There are many (way too many) utility rate schedules in this country. Some of the rate schedules have a penalizing tier structure. Meaning the more you use the more you pay. Since the idea behind a rate audit is to find opportunities where you are paying too much, very often analysis results identify accounts in the higher tiers. So, great, you make the rate schedule change and save real money. But, why was the account at the higher tier anyways? Did something change with the consumption to put it there? Has the account always been in the higher rate tiers? Maybe something changed with the consumption that should be addressed. Simply changing the rate schedule doesn’t solve the problem.

Utility rate schedules are applied to accounts based on several criteria items. An account usually gets classified into a rate schedule based on what it services (residential, large commercial, time of use, private area lights, etc.) and how much the account consumes. There can certainly be situations where an account is incorrectly classified. Sometimes, accounts can be placed in a more expensive rate classes but then consumption changes (result of some sort of conservation or equipment replacement initiative) and the utility does not change the rate schedule to a lower cost schedule – thus depriving the conservation project its total value.
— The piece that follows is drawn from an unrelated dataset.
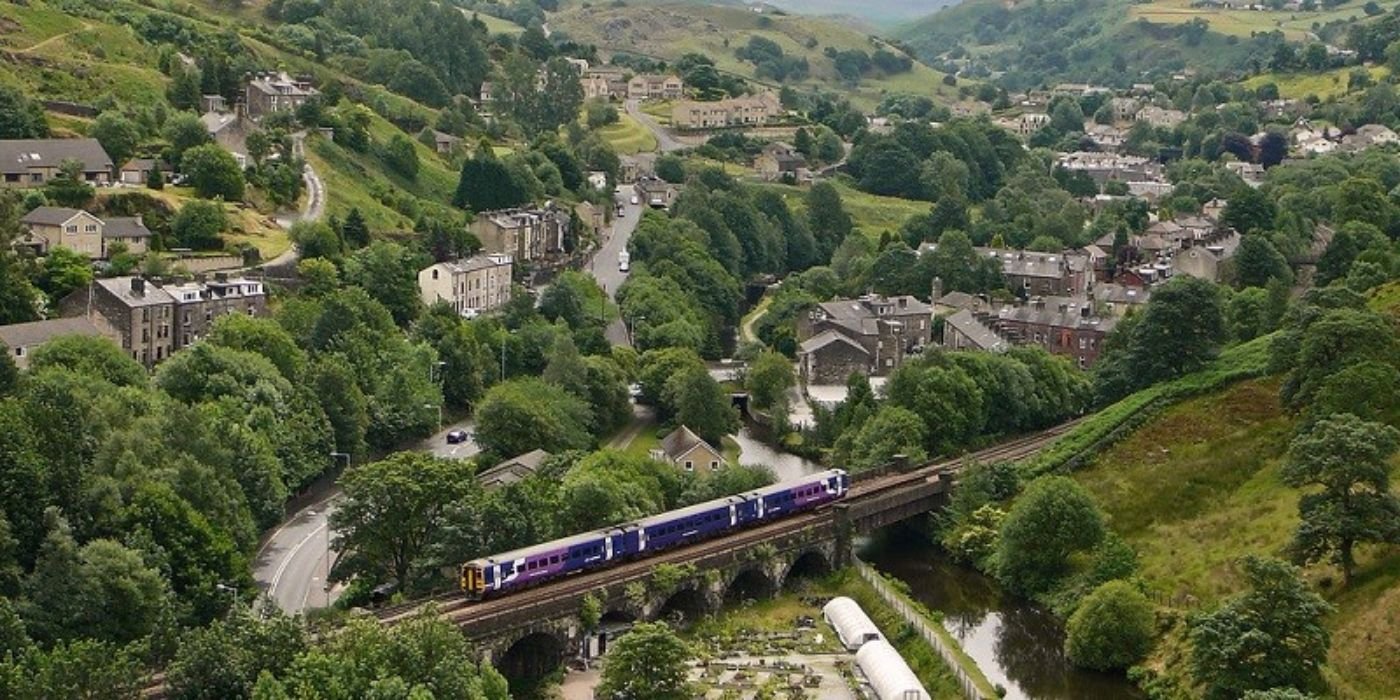 Small local train crossing a river and a road through a rural, hilly village.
Also, utilities can be required to refund any overages that were incorrectly billed. So, not only would you get the savings going forward, you may be able to get a refund on previous bills. Keep in mind, there are often limitations set that govern how far back the utility must pay refunds.
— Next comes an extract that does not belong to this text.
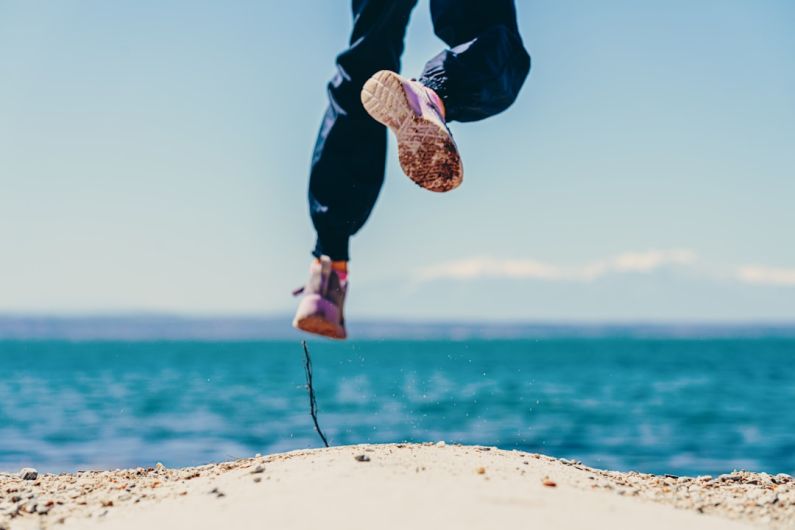 Activities - person in black pants and brown shoes jumping on brown rock near body of water during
There is a lot of analysis that can be done to check rates. We can often find ourselves in situations of diminishing returns – more detailed and time consuming analysis doesn’t yield returns worth the additional work. I am a big believer in the best bang for your buck. If your company has lots and lots of accounts, don’t get wrapped up in checking everything to precision. You will find that your greatest opportunities are the true outliers – the ones that really stand out. Address the accounts that really stand out first, make the changes, and check the results. Repeat. However, keep in mind the most effective means of a rate audit is checking every bill every month – use a system. Utility rate schedules change frequently as can the usage of an account which further substantiates the need of a reoccurring rate audit. If you are with a management company that has many properties, you will have many accounts. Trying to obtain data from all the utility companies when rate audits are done as a project versus being done in practice makes the analysis much more difficult.